#### [What you should do]
Print the data below exactly, but only the lines from the one containing "Be You by Peter" down to the one containing "Classic 1853 Sleigh", inclusive.
Data in this exercise Block Start
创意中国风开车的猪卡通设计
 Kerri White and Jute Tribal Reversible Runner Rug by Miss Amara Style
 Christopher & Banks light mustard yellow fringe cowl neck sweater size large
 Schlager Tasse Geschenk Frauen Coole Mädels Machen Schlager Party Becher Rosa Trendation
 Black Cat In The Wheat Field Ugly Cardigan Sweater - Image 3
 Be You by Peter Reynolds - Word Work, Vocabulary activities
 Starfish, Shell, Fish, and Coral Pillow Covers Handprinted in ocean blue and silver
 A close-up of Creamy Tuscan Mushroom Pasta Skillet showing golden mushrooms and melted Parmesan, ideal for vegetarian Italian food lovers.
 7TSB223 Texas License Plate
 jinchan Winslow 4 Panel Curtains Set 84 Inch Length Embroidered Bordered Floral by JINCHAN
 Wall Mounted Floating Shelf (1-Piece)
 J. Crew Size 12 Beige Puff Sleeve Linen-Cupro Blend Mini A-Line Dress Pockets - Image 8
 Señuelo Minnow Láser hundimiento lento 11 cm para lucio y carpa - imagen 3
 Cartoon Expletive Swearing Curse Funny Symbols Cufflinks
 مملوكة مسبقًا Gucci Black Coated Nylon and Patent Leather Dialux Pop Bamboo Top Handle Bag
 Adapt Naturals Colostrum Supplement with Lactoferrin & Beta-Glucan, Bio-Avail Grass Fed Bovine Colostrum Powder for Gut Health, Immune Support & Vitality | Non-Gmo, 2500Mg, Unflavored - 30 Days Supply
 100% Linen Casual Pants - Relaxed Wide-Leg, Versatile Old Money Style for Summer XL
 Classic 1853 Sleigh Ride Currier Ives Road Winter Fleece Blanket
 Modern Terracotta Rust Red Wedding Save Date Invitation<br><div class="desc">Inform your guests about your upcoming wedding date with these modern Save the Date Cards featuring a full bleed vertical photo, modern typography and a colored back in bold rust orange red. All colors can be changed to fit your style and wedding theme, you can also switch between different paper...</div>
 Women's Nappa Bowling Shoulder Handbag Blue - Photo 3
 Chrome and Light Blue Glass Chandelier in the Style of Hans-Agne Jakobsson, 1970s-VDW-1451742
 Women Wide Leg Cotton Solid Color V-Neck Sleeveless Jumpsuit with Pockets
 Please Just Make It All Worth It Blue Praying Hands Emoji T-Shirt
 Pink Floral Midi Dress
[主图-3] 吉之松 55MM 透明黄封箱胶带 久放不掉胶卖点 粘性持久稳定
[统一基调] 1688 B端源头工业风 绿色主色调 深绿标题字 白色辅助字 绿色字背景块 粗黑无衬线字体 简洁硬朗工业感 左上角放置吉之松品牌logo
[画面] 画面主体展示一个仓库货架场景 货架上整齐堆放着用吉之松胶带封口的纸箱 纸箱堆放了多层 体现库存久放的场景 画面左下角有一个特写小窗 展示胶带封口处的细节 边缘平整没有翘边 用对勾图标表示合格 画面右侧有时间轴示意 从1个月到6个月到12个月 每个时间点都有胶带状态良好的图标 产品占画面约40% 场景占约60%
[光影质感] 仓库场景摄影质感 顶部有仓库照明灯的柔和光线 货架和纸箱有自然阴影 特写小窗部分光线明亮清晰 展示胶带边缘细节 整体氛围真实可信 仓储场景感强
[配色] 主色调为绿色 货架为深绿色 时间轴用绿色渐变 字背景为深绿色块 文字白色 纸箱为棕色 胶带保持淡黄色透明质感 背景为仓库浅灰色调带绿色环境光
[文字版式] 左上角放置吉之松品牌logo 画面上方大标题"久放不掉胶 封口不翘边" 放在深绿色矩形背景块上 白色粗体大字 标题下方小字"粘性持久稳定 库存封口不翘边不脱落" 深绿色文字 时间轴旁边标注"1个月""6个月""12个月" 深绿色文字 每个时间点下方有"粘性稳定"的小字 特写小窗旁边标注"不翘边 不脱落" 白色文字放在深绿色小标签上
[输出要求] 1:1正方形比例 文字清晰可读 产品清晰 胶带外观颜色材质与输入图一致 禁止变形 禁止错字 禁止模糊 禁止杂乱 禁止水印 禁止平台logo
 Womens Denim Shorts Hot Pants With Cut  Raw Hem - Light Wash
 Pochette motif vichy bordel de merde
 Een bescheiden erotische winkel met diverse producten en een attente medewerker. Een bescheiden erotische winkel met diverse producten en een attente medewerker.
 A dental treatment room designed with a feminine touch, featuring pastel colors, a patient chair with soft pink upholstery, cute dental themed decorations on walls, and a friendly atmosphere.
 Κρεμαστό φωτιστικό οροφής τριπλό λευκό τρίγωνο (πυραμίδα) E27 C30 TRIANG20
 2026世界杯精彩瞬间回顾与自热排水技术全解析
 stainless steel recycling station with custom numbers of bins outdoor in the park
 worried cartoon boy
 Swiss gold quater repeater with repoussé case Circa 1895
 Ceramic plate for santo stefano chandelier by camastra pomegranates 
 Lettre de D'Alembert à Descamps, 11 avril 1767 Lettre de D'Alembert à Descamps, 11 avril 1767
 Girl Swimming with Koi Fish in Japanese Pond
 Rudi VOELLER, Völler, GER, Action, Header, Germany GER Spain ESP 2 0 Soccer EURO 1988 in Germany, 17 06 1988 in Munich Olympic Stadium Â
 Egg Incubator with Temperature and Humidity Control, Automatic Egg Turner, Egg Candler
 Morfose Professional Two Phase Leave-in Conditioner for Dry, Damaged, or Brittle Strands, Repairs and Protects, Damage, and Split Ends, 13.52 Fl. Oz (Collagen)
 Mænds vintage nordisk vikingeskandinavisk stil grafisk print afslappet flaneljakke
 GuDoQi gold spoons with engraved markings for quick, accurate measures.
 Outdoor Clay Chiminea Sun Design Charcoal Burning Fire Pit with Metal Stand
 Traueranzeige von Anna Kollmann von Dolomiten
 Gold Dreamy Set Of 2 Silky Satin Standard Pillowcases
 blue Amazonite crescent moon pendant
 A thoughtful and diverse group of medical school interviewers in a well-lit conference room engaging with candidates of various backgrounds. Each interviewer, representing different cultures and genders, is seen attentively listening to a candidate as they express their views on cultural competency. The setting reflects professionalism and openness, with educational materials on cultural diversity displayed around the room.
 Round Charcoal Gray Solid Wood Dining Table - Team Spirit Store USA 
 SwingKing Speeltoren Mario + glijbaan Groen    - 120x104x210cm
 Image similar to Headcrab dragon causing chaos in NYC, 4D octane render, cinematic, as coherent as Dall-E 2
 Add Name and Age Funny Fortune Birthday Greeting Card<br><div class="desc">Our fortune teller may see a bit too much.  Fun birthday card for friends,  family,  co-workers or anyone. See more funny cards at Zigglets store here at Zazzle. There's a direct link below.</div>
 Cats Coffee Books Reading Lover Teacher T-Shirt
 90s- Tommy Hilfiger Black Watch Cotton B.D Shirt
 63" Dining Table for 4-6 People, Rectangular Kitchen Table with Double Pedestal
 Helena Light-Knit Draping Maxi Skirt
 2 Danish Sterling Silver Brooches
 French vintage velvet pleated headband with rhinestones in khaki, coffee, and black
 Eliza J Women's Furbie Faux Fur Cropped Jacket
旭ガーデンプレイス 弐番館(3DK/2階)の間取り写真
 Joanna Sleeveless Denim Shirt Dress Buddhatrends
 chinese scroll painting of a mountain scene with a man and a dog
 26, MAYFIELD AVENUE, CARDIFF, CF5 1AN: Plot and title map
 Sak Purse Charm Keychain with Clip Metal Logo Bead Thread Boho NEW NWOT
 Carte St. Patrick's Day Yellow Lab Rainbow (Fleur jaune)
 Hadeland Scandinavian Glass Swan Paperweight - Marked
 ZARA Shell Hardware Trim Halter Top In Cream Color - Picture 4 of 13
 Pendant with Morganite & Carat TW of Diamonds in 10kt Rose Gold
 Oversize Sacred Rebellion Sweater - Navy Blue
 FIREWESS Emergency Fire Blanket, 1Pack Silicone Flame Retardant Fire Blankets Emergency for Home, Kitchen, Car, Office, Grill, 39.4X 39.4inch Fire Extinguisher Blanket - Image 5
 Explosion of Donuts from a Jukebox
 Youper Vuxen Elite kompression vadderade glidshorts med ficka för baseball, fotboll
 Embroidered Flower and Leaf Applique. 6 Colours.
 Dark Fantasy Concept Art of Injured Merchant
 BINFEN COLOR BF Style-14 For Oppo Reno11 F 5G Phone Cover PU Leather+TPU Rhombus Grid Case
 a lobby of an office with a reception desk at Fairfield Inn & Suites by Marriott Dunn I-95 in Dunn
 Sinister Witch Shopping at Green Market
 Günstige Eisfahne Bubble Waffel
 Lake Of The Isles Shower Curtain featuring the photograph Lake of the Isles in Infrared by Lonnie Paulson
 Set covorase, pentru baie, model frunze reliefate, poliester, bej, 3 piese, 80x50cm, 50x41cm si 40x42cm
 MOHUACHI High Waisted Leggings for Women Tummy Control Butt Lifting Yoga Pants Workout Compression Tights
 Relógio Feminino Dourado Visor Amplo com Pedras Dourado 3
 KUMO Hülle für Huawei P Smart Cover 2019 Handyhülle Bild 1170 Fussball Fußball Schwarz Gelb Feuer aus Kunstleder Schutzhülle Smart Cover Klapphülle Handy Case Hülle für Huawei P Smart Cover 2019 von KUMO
Data in this exercise Block End
#### [Your solution]
 Be You by Peter Reynolds - Word Work, Vocabulary activities
 Starfish, Shell, Fish, and Coral Pillow Covers Handprinted in ocean blue and silver
 A close-up of Creamy Tuscan Mushroom Pasta Skillet showing golden mushrooms and melted Parmesan, ideal for vegetarian Italian food lovers.
 7TSB223 Texas License Plate
 jinchan Winslow 4 Panel Curtains Set 84 Inch Length Embroidered Bordered Floral by JINCHAN
 Wall Mounted Floating Shelf (1-Piece)
 J. Crew Size 12 Beige Puff Sleeve Linen-Cupro Blend Mini A-Line Dress Pockets - Image 8
 Señuelo Minnow Láser hundimiento lento 11 cm para lucio y carpa - imagen 3
 Cartoon Expletive Swearing Curse Funny Symbols Cufflinks
 مملوكة مسبقًا Gucci Black Coated Nylon and Patent Leather Dialux Pop Bamboo Top Handle Bag
 Adapt Naturals Colostrum Supplement with Lactoferrin & Beta-Glucan, Bio-Avail Grass Fed Bovine Colostrum Powder for Gut Health, Immune Support & Vitality | Non-Gmo, 2500Mg, Unflavored - 30 Days Supply
 100% Linen Casual Pants - Relaxed Wide-Leg, Versatile Old Money Style for Summer XL
 Classic 1853 Sleigh Ride Currier Ives Road Winter Fleece Blanket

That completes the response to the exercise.